Quoi qu’il en soit, quatre ans après la mort de Molière, par suite d’un arrangement pris par Armande Béjart avec la troupe de la rue Mazarine[1], on vit tout à coup la prose si énergique et si nerveuse de Don Juan s’aligner en assez bons alexandrins sous la plume honnête de Thomas Corneille, et ce qu’on a peine à concevoir, cette médiocre copie s’est maintenue, jusqu’à nos jours, en possession du théâtre, à l’exclusion de l’original. Quelle a donc pu être la cause ou le prétexte de cet arrêt d’expropriation rendu contre un grand génie au profit d’un talent de second ou de troisième ordre ? On a souvent répété, d’après La Serre[2], que le Don Juan de Molière n’avait obtenu à sa naissance qu’un assez faible succès, à cause surtout du préjugé qui régnait alors contre les comédies en prose.
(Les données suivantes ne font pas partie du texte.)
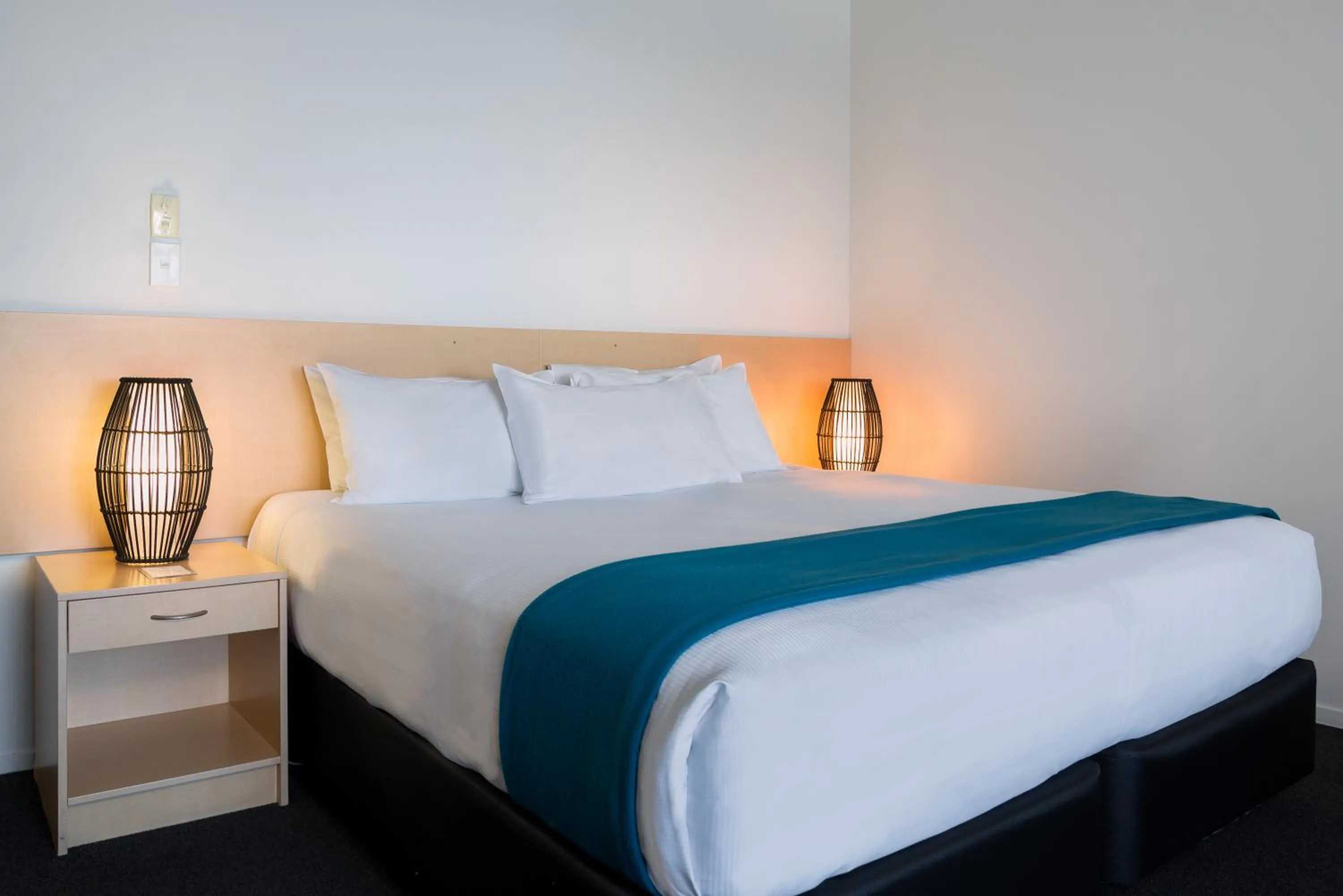 Bed in The Sands Hotel Hokianga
Dans la chaire du Lycée, M. de La Harpe, avec l’intrépidité d’étourderie qui le distinguait, et qui a fait école, a été bien plus loin encore. Il affirme que, de tous les Don Juan du XVIIe siècle, celui de Molière fut le seul qui ne réussit pas. « Ce n’est pas, ajoute-t-il, qu’il ne valût beaucoup mieux que tous les autres ; mais il était en prose, et c’était alors une nouveauté sans exemple. » Le critique oublie le théâtre entier de La Rivey, le Pédant joué de Cyrano, les Précieuses, et tant d’autres exemples. N’importe ; il continue : « On n’imaginait pas qu’une comédie pût n’être pas en vers, et la pièce tomba. » Le registre manuscrit de La Grange, conservé dans les archives du Théâtre-Français, et consulté si fructueusement par le dernier biographe de Molière, donne un démenti formel à cette assertion. On y voit que, bien loin d’avoir éprouvé une chute, le Festin de Pierre composa le spectacle à lui seul pendant quinze jours consécutifs, et fit faire à la comédie un égal nombre de recettes très productives : celle, entre autres, de la cinquième représentation s’éleva à 2,390 livres, somme très considérable pour le temps. Ce qui troubla tout d’abord et interrompit bientôt le succès de Don Juan, ce furent les tempêtes soulevées par le cinquième acte, où le libertin, à bout de vices, se drape dans le

  1. On peut voir une quittance de Mlle Molière donnée à la troupe de la rue Mazarine, pour l’achat du Festin de Pierre, dans l’Histoire du théâtre-Français, t. XII, p. 61.
  2. Mémoire sur la vie et les ouvrages de Molière.